* _Input data_:
————————
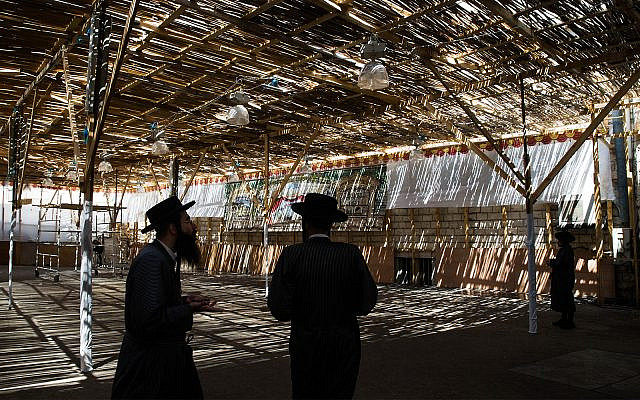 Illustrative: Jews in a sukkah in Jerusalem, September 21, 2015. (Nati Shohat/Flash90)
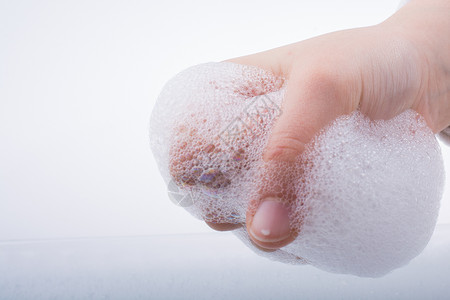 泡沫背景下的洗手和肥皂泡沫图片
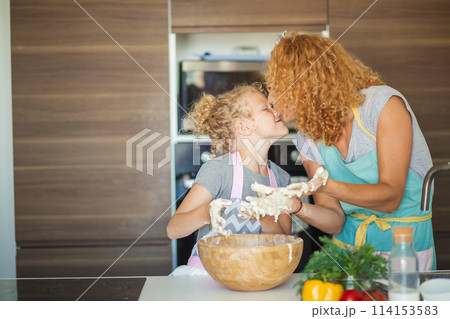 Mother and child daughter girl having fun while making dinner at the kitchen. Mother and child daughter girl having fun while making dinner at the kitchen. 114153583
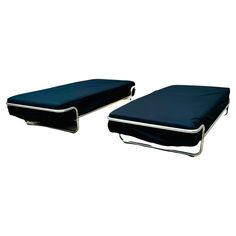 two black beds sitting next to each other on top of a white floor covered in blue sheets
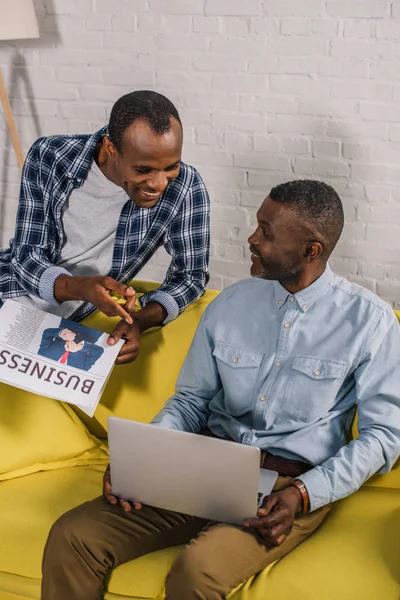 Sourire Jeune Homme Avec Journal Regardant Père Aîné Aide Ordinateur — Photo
————————
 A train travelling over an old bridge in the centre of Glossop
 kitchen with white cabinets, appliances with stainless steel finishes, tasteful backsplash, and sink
————————
Return the stretch of data that begins with the line showing "Illustrative: Jews in" and goes on through the line showing "Sourire Jeune Homme", exactly, with pictures removed.

 Illustrative: Jews in a sukkah in Jerusalem, September 21, 2015. (Nati Shohat/Flash90)
 泡沫背景下的洗手和肥皂泡沫图片
 Mother and child daughter girl having fun while making dinner at the kitchen. Mother and child daughter girl having fun while making dinner at the kitchen. 114153583
 two black beds sitting next to each other on top of a white floor covered in blue sheets
 Sourire Jeune Homme Avec Journal Regardant Père Aîné Aide Ordinateur — Photo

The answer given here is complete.